La valeur dramatique de la racine a d’emblée attiré Chantal Moret, car l’artiste développe depuis ses débuts un goût pour « la violence sombre » d’une peinture « ni aimable ni gracieuse6 » , une peinture difficile qui ne se donne pas au premier venu. En règle générale et quel que soit le thème abordé, Chantal s’interroge sans soucis d’esthétique sur « l’humain dans toute sa vérité, sa profondeur, ses mystères et ses drames (…) avec la conscience aiguë de la fragilité et de la brièveté de toute chose (…) de la mort inscrite au cœur même de la vie 7». C’est pourquoi en cédant aux charmes discrets des racines Chantal Moret se livre à une expérimentation inédite nourrissant son terreau plastique et spirituel ; les images archétypales de ces masses réticulaires, développant leur réseau labyrinthique où s’allument soudain quelques foyer de vermillon, cinabre et mordoré constituent un nouveau territoire d’expression, prolongeant ce motif de « l’humus des Origines » qui traverse son œuvre.
Françoise-Hélène Brou
Condémines, le 24 juillet 2022
1 Gaston Bachelard, La Terre et les rêveries du repos, La Racine, Librairie José Corti, Paris,1948.

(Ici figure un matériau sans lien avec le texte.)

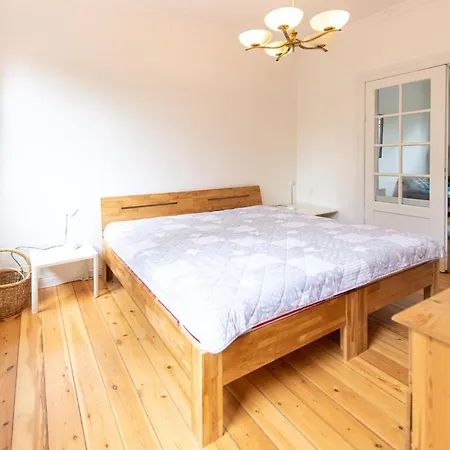 Appartement Fewo1846 - Heimspiel - Komfortable Mit 2 Schlafzimmern Und Sonnigem Garten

2 Jacques Chessex, Géographie Intérieure, in Chantal Moret Peintre sculptrice, Till Schaap Edition, 2020. Texte paru dans Le Nouveau Quotidien, 1.04.1993
3 Gaston Bachelard, op.cit.
4 Victor Hugo, La Fin de Satan, NRF, La Pléiade, Paris, 1950
5 Jean-Paul Sartre, La Nausée, Gallimard, Paris, 1972.
6 Jacques Chessex, op.cit.
7 Chantal Moret, peintre, sculptrice, op. cit.